Integrating Web Performance in CI

This post was originally published on the Rigor Web Performance blog.

UPDATE: The Semaphore/Zoompf Sinatra app referenced in this post is available on Github here. We’ve also updated the comparison to use total defect count (instead of Zoompf score) to catch all regressions before they hit production. Here is what the new Slack notifications look like:

https://rigor.com/wp-content/uploads/2016/02/semaphore-zoompf-slack.jpg

As a performance company, we’re always looking for ways to incorporate performance into our development process. With the recent release of version 2 of Zoompf’s API, we’ve been exploring methods of automating some of the manual performance analysis we do as a team. While playing with the new API endpoints, it occurred to us: when we push new code, we automatically run tests to catch functional regressions. Why can’t we do the same to catch performance regressions?
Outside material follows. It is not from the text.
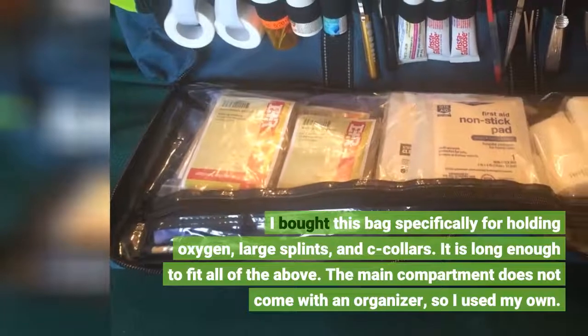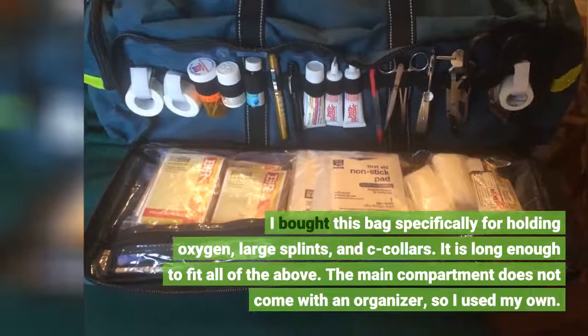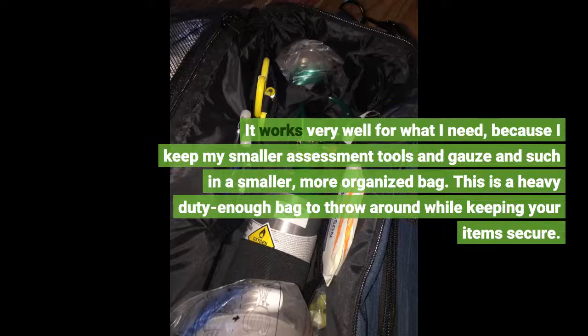I bought this bag specifically for holding oxygen, large splints, and cervical collars. It is long enough to fit all of the above. The main compartment does not come with an organizer, so I used my own. It works very well for what I need, because I keep my smaller assessment tools and gauze and such in a smaller, more organized bag.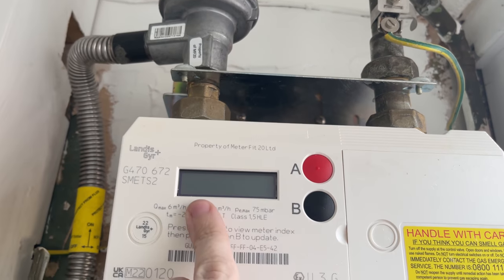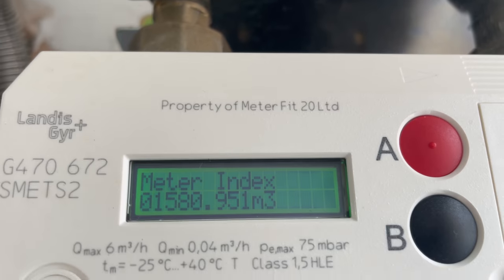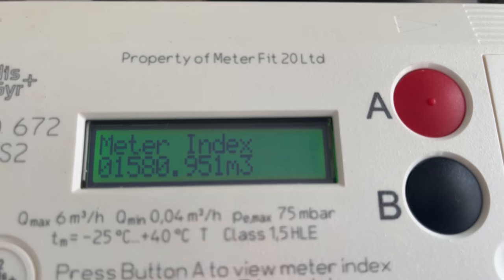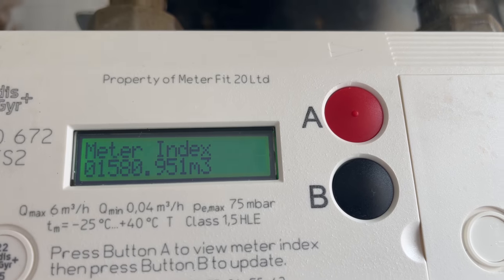On the screen here this is blank and you've got these two buttons. All you need to do is press the red A button and then it'll come up on the screen, and that there is the meter reading for the gas meter.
When we push new code, we automatically run tests to catch functional regressions. Why can’t we do the same to catch performance regressions?

Spoiler alert: we can (and did)

To continuously analyze performance, we need two things:

  1. A tool to analyze performance (Zoompf, our performance analysis product)

  2. A way to notify said tool of code changes

We use Semaphore CI, a hosted continuous integration service, to build and deploy our application. Semaphore’s platform has a handful of integrations to enable notifications of builds and deployments. For our use case, Semaphore’s post-deploy webhooks are the answer. Post-deploy webhooks allow us to notify an arbitrary endpoint when an application is deployed, giving us the second item required for continuous performance analysis.

Connecting the Dots

With the two ingredients in hand, all we need is a web service to receive webhooks from Semaphore and trigger performance snapshots via Zoompf’s API.

To accomplish this, we built a simple Sinatra-based web service that:

  1. Receives webhook notifications from Semaphore on each staging deployment

  2. Triggers a snapshot for one of our Zoompf tests (in this case, a test against our staging app)

  3. Posts a link to the latest snapshot in Slack

With this in place, we now had automatic snapshots for each staging deployment, giving us a good idea of how each shipment impacted our performance. But receiving a Slack notification of a new snapshot isn’t all that helpful. In order to see what changed, we had to click the link and manually inspect our performance test results. Not only that, we were getting a lot of noise in our Slack channel, as our staging environment gets deployed several times a day.

Detecting Regressions

To avoid manual inspection and cut down on noisy notifications, we decided to automate the regression detection. Using Zoompf’s snapshots API, we can retrieve all snapshots for a given test. To detect changes, all we need to do is compare the latest snapshot to the previous snapshot.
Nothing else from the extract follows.